Author Holly Smith, a survivor of child sex slavery, was trafficked when she was 14. Afraid of entering high school, she ran away from home and was subsequently forced into prostitution.

"In my case, nobody beat me or drugged me," Holly says. "All they had to do was take me out of the surroundings that I was used to, and take me to a city that was hostile and scary, and just use a little intimidation to gain that control over me. So when we use images of girls tied to beds or drugged, people start to think that's what child sex trafficking looks like, and in fact very often it doesn't look like that."

Holly added that when when there are no visible signs of a child being coerced into prostitution, not only does the community tend to look at the child as less of a victim, so does the child.

"When I was pulled out of prostitution I was treated more like a nuisance, like a problem child as opposed to a victim," Holly shares. "After I was recovered I felt very judged by people in the community.

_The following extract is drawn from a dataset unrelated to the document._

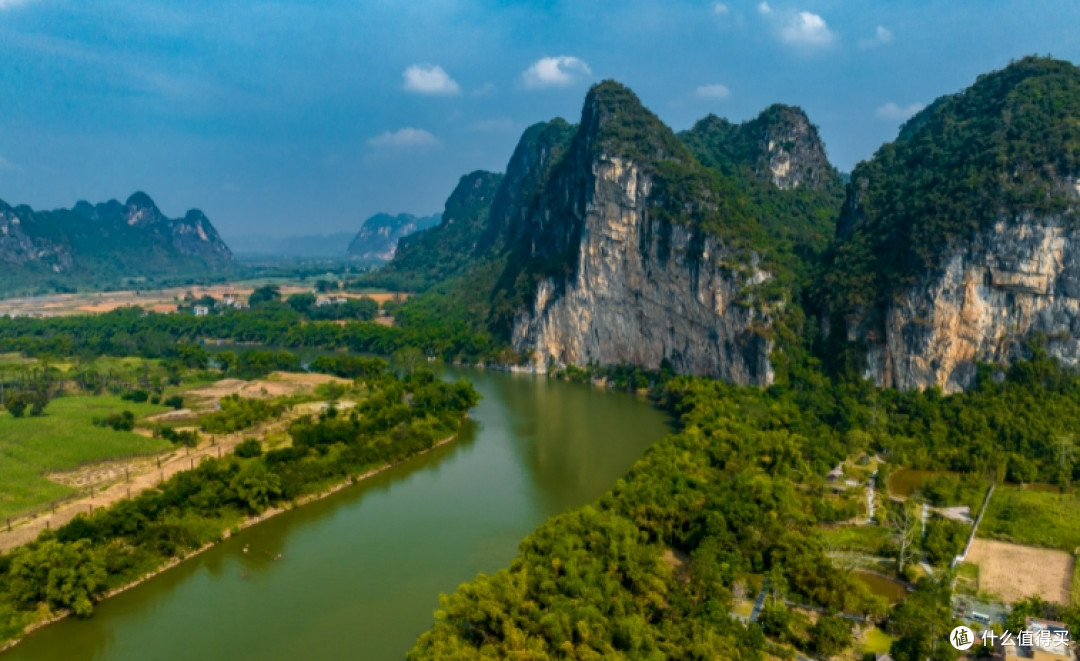 花山岩画景区旅游攻略:探秘千年岩画,邂逅壮美山水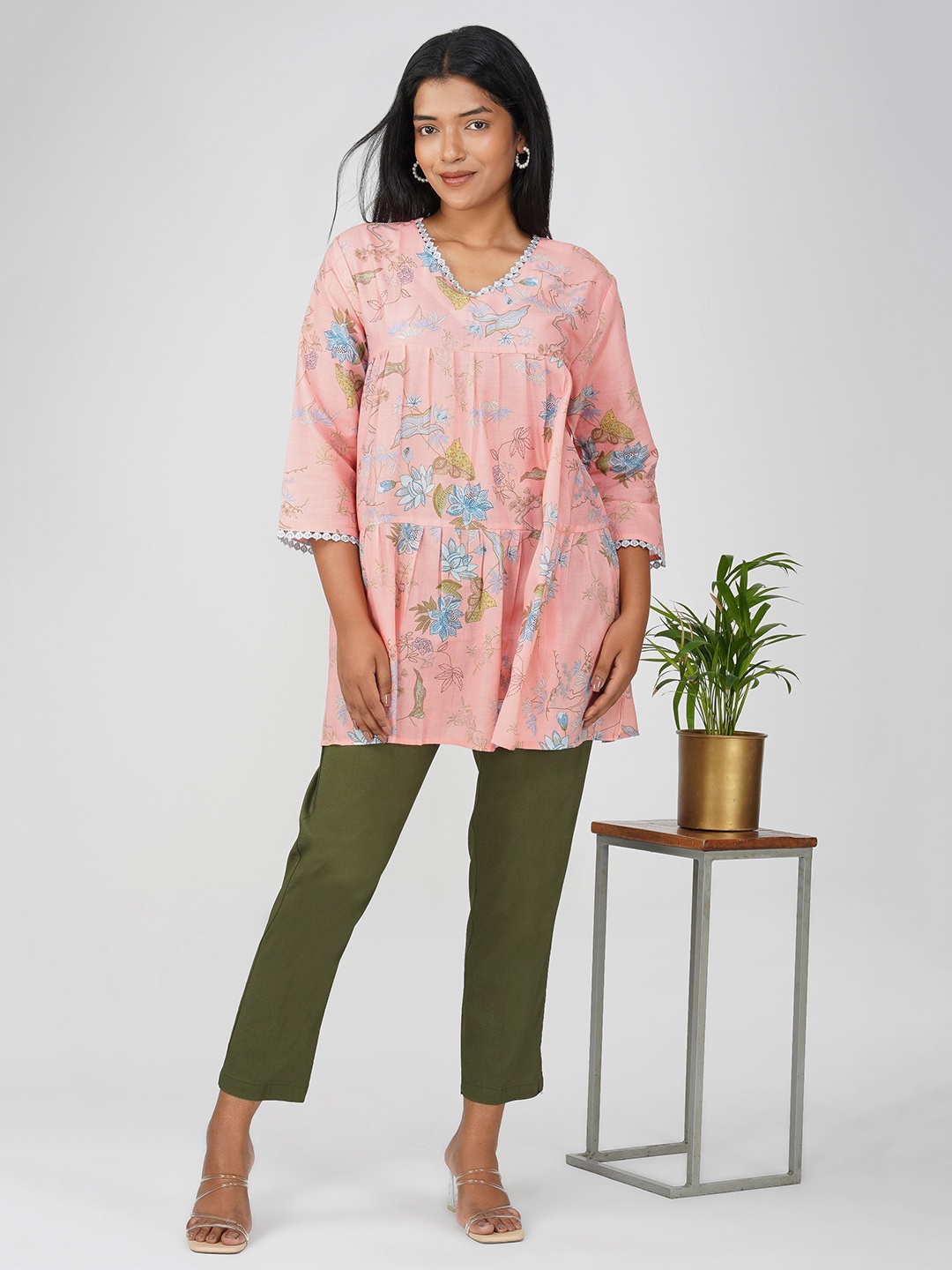 

Bindigasm Printed Three Quarter Sleeves Tunic & Trouser, Peach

I felt like I didn't belong anymore."

But that wasn't the truth. The truth is that Holly and survivors like her were vulnerable in ways that aren't openly discussed nearly enough at the time they were trafficked. The truth is Holly wasn't consensually sold. The truth is that sex trafficking and prostitution are NOT the same thing. Prostitution is a business between adults. Sex slavery is the recruitment, obtaining, or transportation of a person for the purpose of sexual exploitation against the person's will. The truth is a trafficker can sometimes be a family friend, a neighbor, or even a relative. The truth is sex slavery happens in places other than developing countries. In 2013, the National Human Trafficking Resource Center hotline received multiple reports of human trafficking in every state in America. The truth is a young person down the street from you could be a victim of human trafficking or sex slavery at this very moment.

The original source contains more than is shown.